• _What to produce_
Write out each record below exactly as it appears, with no pictures.

-.-.-

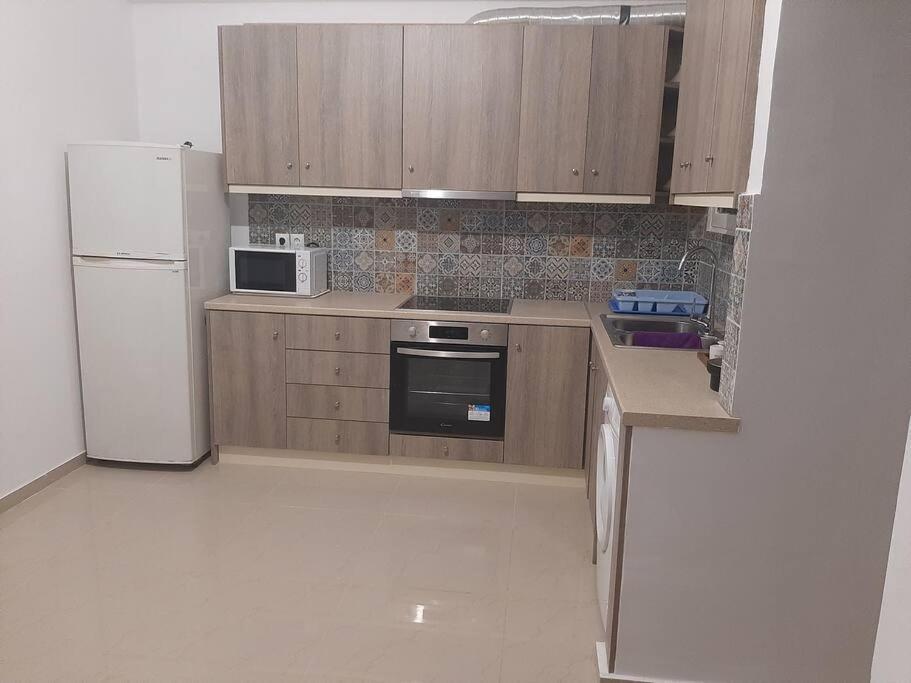 Апартаменти Modern Apartmen In Athina Афіни Екстер'єр фото
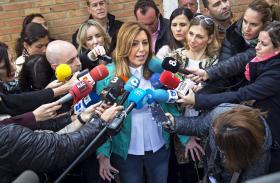 PSOE GANHA ELEIÇÕES NA ANDALUZIA, PODEMOS E CIUDADANOS ENTRAM NO PARLAMENTO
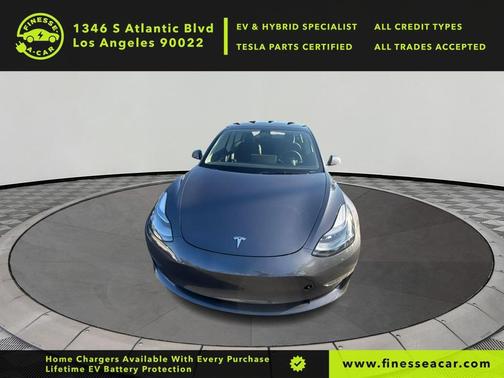 2023 Tesla Model 3 Standard Range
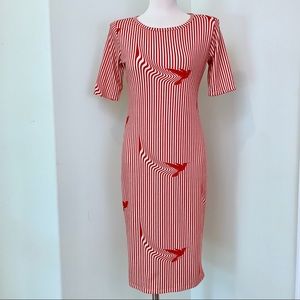 Super rare hummingbird dress NWOT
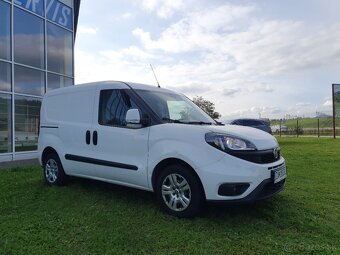 Fiat Dobló Cargo 1.6 MultiJet Base E6 Odpočet DPH - 7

-.-.-

• _Written solution_
 Апартаменти Modern Apartmen In Athina Афіни Екстер'єр фото
 PSOE GANHA ELEIÇÕES NA ANDALUZIA, PODEMOS E CIUDADANOS ENTRAM NO PARLAMENTO
 2023 Tesla Model 3 Standard Range
 Super rare hummingbird dress NWOT
 Fiat Dobló Cargo 1.6 MultiJet Base E6 Odpočet DPH - 7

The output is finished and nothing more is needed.